Years later, after Berzilla died, and Jack was needing increased attention at the VA Hospital in Asheville, the brothers moved to a small apartment near the Marshall bypass. As much as I loved spending time at the cabin, listening to music and stories, eating, working, sitting on their porch, my favorite memory is from the time when they were living in town.

 

Doug Playing Fiddle for Kate, Crain Branch, Madison County, North Carolina, 1992

I stopped at Ingles on the way home today. I had Benny and Kate with me and walking through the canned food aisle we ran into Doug and Jack who were doing their weekly shopping. We visited for a time and talked briefly of their lives in town. I begged off, needing to get the kids home and fed, and told them I’d come by soon for a visit. As we turned to go, Doug and Jack both reached into their pants pockets and pulled out their wallets. They each found two one-dollar bills and ceremoniously presented one to each of the kids - a gesture so stunning in its simplicity and sheer goodwill.

 

Seldom Scene - Farmworker

Migrant Farmworker, Tarboro, North Carolina, 1999

This time of year hurricanes and tropical storms are not far from my mind. I’ve photographed the aftermath of many storms and the people affected by them over the years and I’m always struck by the numbers of unsung heroes who play a role in the clean-up and rebuilding.

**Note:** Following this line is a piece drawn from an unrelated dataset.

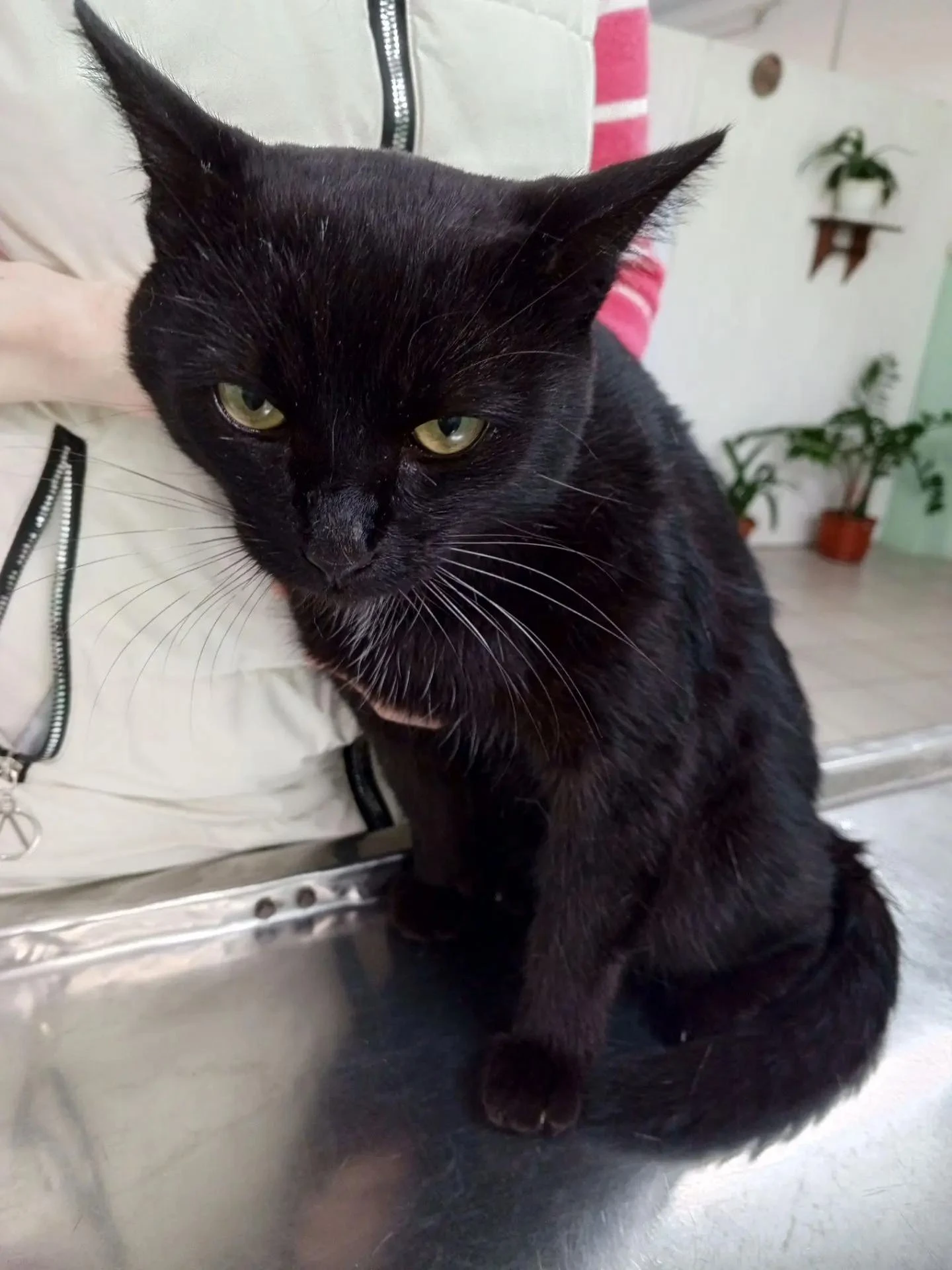 У Жорика, милого кота 2,5 лет, диагностировали панлейкопению (в народе — чумку).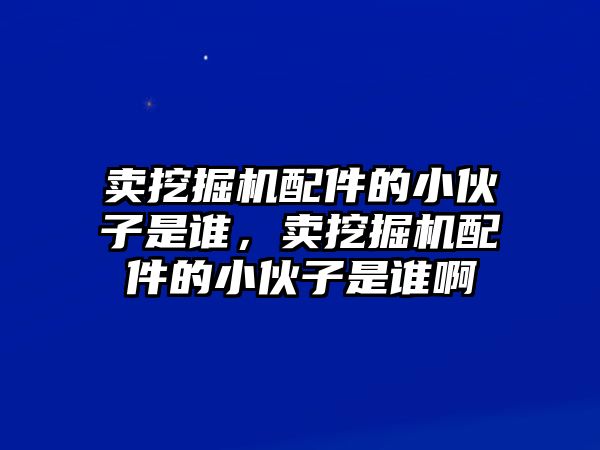 賣挖掘機(jī)配件的小伙子是誰，賣挖掘機(jī)配件的小伙子是誰啊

This image was made near Tarboro, North Carolina, in 1999 after Hurricane Floyd and the ensuing flood that covered most of the eastern third of the state. This young man was working on a poultry farm that had been washed over. The barn was knee-deep in thousands of dead chickens, water, and fecal matter. His job was to help remove the feed and water lines before front-end loaders were brought in to remove the toxic soup. I think it is important for us to see the people doing this incredibly awful, but vital work in our communities and take that into consideration as we debate our nation's immigration policies. 

 

Of Quiet and Dark

Full Moon,  PawPaw, Madison County, NC, August 22, 2013,

When my mother was alive and visiting from Maryland, she would invariably complain at some point during her stay that she didn’t like it at our place because it was simply too dark and too quiet. I think about her comments most every night as I sit on our deck relishing the depth of our night sky and listening to the same sounds people have heard in our holler for hundreds of years – frogs peeping, the wind, a duo of screech owls calling one another.

I inherited many of my mother’s fears and as a child growing up in suburban Washington, D.C., I was petrified of the dark, avoiding it whenever possible. The walk from late-night basketball practice at school was especially traumatizing because the preferred, shorter route home cut through an unlit section of woods. At bedtime, I insisted on a nightlight and fell asleep to the sounds of a local rock n’ roll radio station. More than once I called out to my parents in the middle of the night, convinced there was a predator in my closet, and I regularly poked under my bed with my baseball bat in a futile search for alligators.

It happened over time and with the help of many different experiences – night compass hikes in Junior ROTC, working in the darkroom, and living by myself among them – that I eventually outgrew those fears. But it has been living in Madison County that has taught me not only to be comfortable with quiet and darkness, but also to embrace and anticipate them for the healing, solitude and connectedness they offer.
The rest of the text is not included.